The Swallows are the four older children of the Walker family (based on friends of Ransome's, the Altounyans) John, Susan, Titty and Roger. They sail a clinker-built dinghy The Swallow in the Lake District in northern England.
Here, they act out fantasies of the high seas, with John as Captain, Susan as Mate, Titty as Able Seaman and Roger as Boy. They sail off to a desert island, where they find hostile natives, the evil Captain Flint (and his lost treasure), and pirates, in The Amazon.
The pirates are Captain Nancy and Mate Peggy Blackett, their ship, another dinghy.
The two crews struggle for supremacy, finally forming an alliance after Titty outwits the Amazons, and they surrender. Then, they join forces to take part in a combined offensive on Captain Flint in his ship in Houseboat Bay.
Of course it's all imagination. The children are just camping on Wildcat Island for a week (back in the days where the world was less threatening, or less paranoid, and a twelve year old was considered adequate supervision). Captain Flint is the Walker's Uncle Jim, trying to write a book on his houseboat, the character based on Ransome himself, and his treasure is a typewriter and manuscript mistakenly stolen by inept thieves. The natives are simply the other adults on the island --and the children buy supplies from them at need. But that doesn't matter -- it is real to the children, and therefore, real to the reader. Every child plays these games, and every adult has been a child who does.
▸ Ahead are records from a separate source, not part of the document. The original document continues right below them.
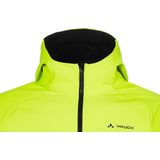Vaude - Qimsa Softshell - Soft Shell Jas - Geel - Voor Fietsers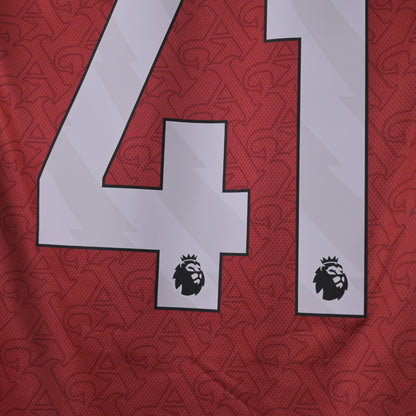 Arsenal 2025/26 Home Kit Authentic Adult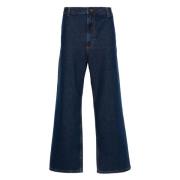 Jeanerica Lös Passform Denim Jeans Blue, Herr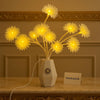 Premium LED Daisy Flower Table Lamp – Warm Glow Decorative Light for Bedroom & Living Room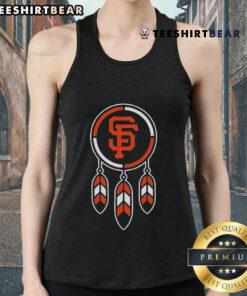 Top 2025 San Francisco Giants X Native American tank top featuring vibrant designs and team logo for fans.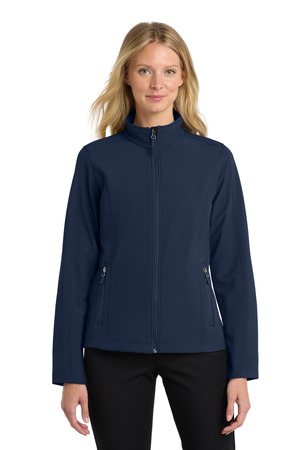 Port Authority Women's Core Soft Shell Jacket. L317 Dress Blue Navy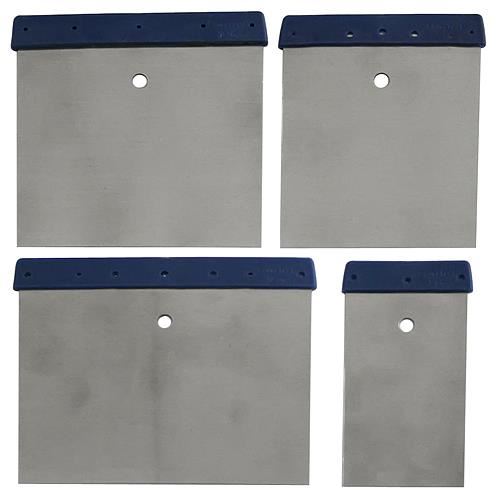 Spacluri inox, set 4 buc, 50-80-100-120 mm, Strend Pro Spacluri inox, set 4 buc, 50-80-100-120 mm, Strend Pro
It's a wonderful read, both for children and adults -- each of the characters is an individual, and believable -- Ransome's children are not the adult idea of what kids should be, like Blyton's, they are real people, something very hard to achieve from the distance of maturity. The sailing sections are knowledgable, the action is involving, exciting, and fun. Highly recommended, and a good book for reading aloud.